H2K-BCL-2 transgenic mice should prove very useful in unravelling the growth factor requirements, and growth factor activities, not only for HSCs but also for various other multipotent and more lineage-restricted hematopoietic progenitor populations that also express the transgene 5,26,27, as well as cells in the nonhematopoietic lineages that express the transgene. Cells from H2K-BCL-2 transgenic mice allow the distinction between factors acting on survival and on proliferation/differentiation. They also facilitate factor characterization experiments through the inherently higher plating efficiencies. The culture conditions described here, single cell plating of HSCs in serum-free medium in the presence of Kitl, which allows the cells to differentiate into lymphoid and the various myeloid lineages, will be a powerful tool in these studies. We are currently using cells from these mice to look in more detail at the actions of various factors involved in the decision between apoptosis, proliferation, and differentiation.
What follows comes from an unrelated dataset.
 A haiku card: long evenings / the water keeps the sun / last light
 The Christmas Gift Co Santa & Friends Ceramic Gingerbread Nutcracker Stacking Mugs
We gratefully acknowledge Libuse Jerabek for excellent laboratory management, Veronica Braunstein for preparing many of the antibodies used, Lu Hidalgo and Bert Lavarro for animal care and management, and Kimberly Gandy for critical reading of the manuscript.
Parts of this work were supported by a fellowship grant from the Dutch Cancer Society/Koningin Wilhelmina Fonds (J. Domen). The major part of this work was supported by a grant from Systemix Inc., and by US Public Health Service grants CA42551 and P01 DK53074.
Abbreviations used in this paper: bFGF, basic fibroblast growth factor; BMMC, bone marrow–derived mast cell; CFU-S, CFU–spleen; CLP, common lymphoid progenitor; CMP, common myeloid progenitor; EGF, epidermal growth factor; GMP, granulocyte/macrophage progenitor; HSC, hematopoietic stem cell; LIF, leukemia inhibitory factor; LT-HSC, long-term HSC; MEP, megakaryocyte/erythrocyte progenitor; MIP, macrophage inflammatory protein; OSM, oncostatin M; Stat, signal transducer and activator of transcription; ST-HSC, short-term HSC; Tpo, thrombopoietin.